Wednesday 5 July 2017, 09.00-10.30

Moderator/Chair:Heidi Krauss, Facultad de Geografía e Historia, Universidad Nacional de Educación a Distancia, Madrid
Paper 1003-aLa alteridad en el rito Cristiano Franco-romano: El caso de las epístolas farcidas de san Esteban
(Language: Español)
Joan Maria Martí Mendoza, Institut de Ciències de l'Educació, Universitat Autònoma de Barcelona
Index terms: Hagiography, Liturgy, Music, Performance Arts - Drama
Paper 1003-bMelodic Itinerancy in Medieval Occitan and French Minstrel Songs
(Language: English)
Daniel O'Sullivan, Department of Modern Languages, University of Mississippi
Index terms: Language and Literature - French or Occitan, Literacy and Orality, Manuscripts and Palaeography, Music
Paper 1003-cPolitical Contrafacture and Aristocratic Identity in 13th-Century France
(Language: English)
Meghan Quinlan, Merton College, University of Oxford
Index terms: Gender Studies, Language and Literature - French or Occitan, Music, Politics and Diplomacy
Abstract

Paper -a:
La recitación de la vida de los santos y los hechos de los mártires del viejo rito franco, pasaron a formar parte del nuevo rito franco-romano como parte de las lecturas del día de conmemoración de su nacimiento. Las epístolas de días señalados, especialmente aquellos del ciclo de Navidad, se troparon, es decir, se ‘farcieron’ tanto en latín como en lengua vernácula. Diversos testimonios y rúbricas nos cuentan cómo se desarrollaba el canto de estas epístolas que tuvieron sus defensores y detractores durante su práctica. Encontramos indicaciones de cómo se debían cantar, quien las debía cantar, en que momento, con qué vestiduras y en qué lugar. En libros de cuentas, ordinarios y consuetas encontramos pagos para la construcción de tarimas, harina para hacer engrudo y fabricar las piedras de la lapidación y, especialmente en Catalunya, indicaciones de que existía una representación del drama de san Esteban. Pero ninguna fuente nos muestra una pequeña prueba de que este drama litúrgico existiera como un drama autentico y al uso. Mi comunicación abordará, tras el estudio de más de setenta fuentes diversas entre las propias epístolas como rúbricas referidas a ellas, el papel de la alteridad (the Otherness) en el momento del canto de la epístola farcida del día de san Esteban.

Paper -b:
In this paper, I study material and performative networks established through contrafacture among three cansos de joglar – minstrel songs – in French and Occitan. A minstrel song is one that thematises the itinerant life of minstrels, and the theme of wandering, I argue, subtends each new setting, regardless of major shifts in theme.

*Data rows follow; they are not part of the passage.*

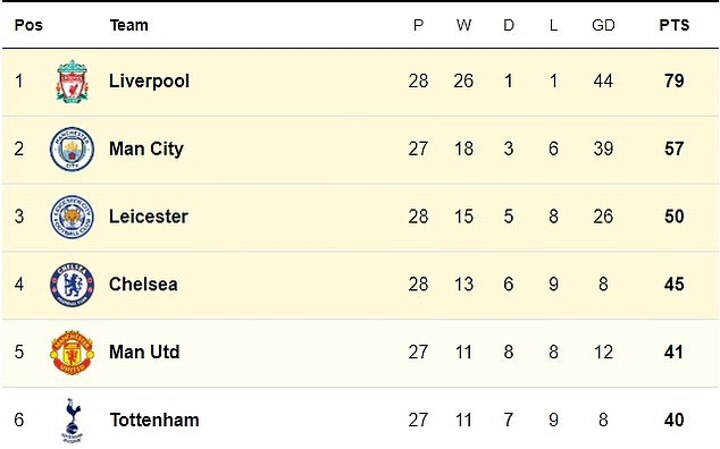Liverpool went 44 PL games unbeaten - compare them to Arsenal ...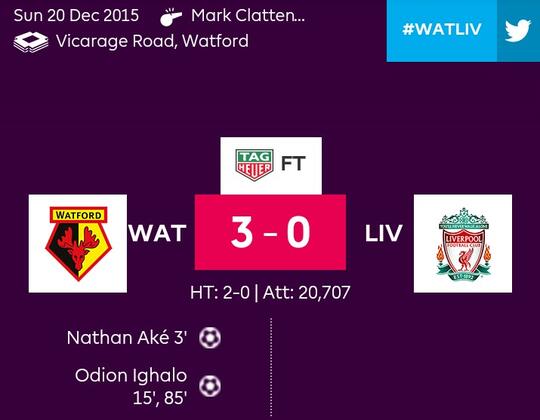 Cerita Menarik Serta Penyesalan Dari Vicarage Road
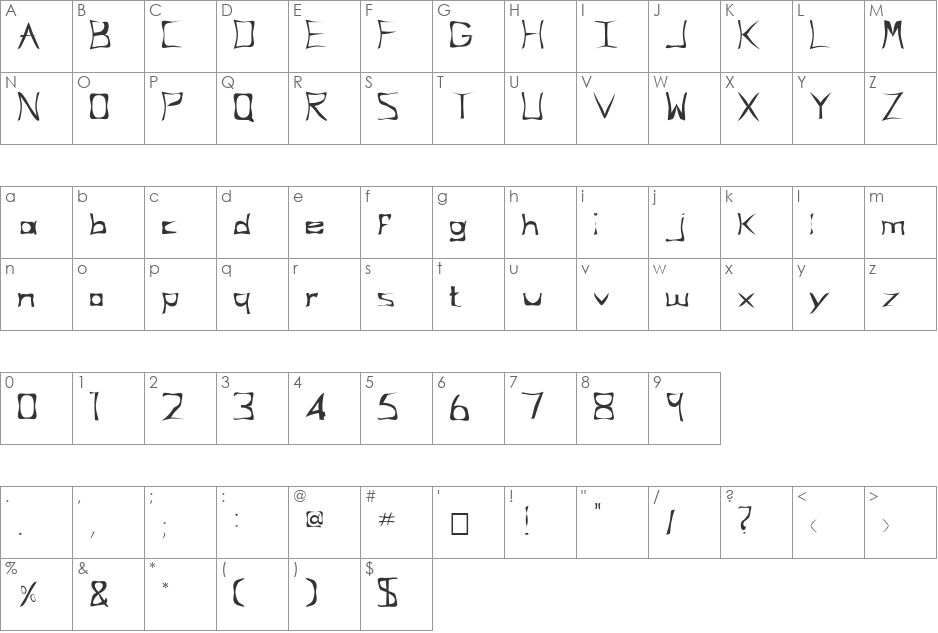 FZ WARPED 34 font character map preview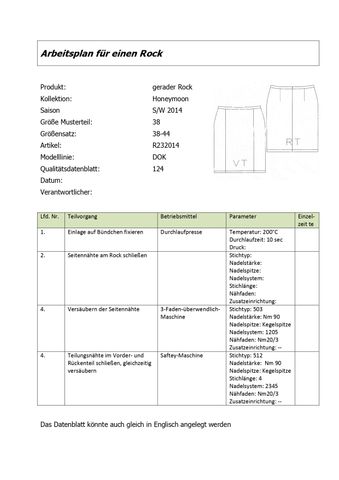 Arbeitsblatt: Arbeitsplan für einen Rock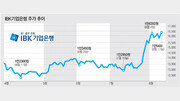 ‘3가지 근육’으로 힘찬 기지개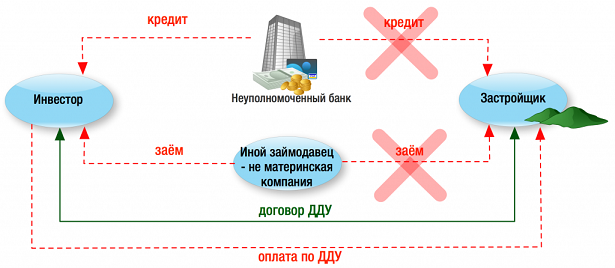 Особенности целевого кредита дду:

One is an Occitan song attributed to Pistoleta and preserved with its melody in Paris, BnF French 20050. The other two are Old French contrafacts: the first was written with its melody in Paris, BnF French 846, and the other appears without melody in Oxford, Bodleian, ms. Douce 308, and Paris, BnF French 12581.

Paper -c:
This paper considers the geopolitical associations of two political contrafacta (serventois) from thirteenth-century France. In both cases, re-using a widely disseminated melody provides a way of embedding certain attitudes, emotions, and aristocratic identities in a sonic, non-textual space, and the task of uncovering such associations calls for an investigation of each melody’s historical contexts, as well as their embeddedness in issues of gender and class. I argue that the original songs of the contrafacta evoke notions of place and identity that are not politically neutral, and are thus exploited in their new political contexts to communicate specific allegiances and antagonisms. The musical patterns of these shared melodies also provide layers of signification accessible to those unaware of the original songs: instances of repetition, symmetric structures, extremes in range, and various interval shifts all have the potential to change, undercut, or intensify the text, and this can have powerful effects on the song maker’s intended political message, as I show through sung demonstration.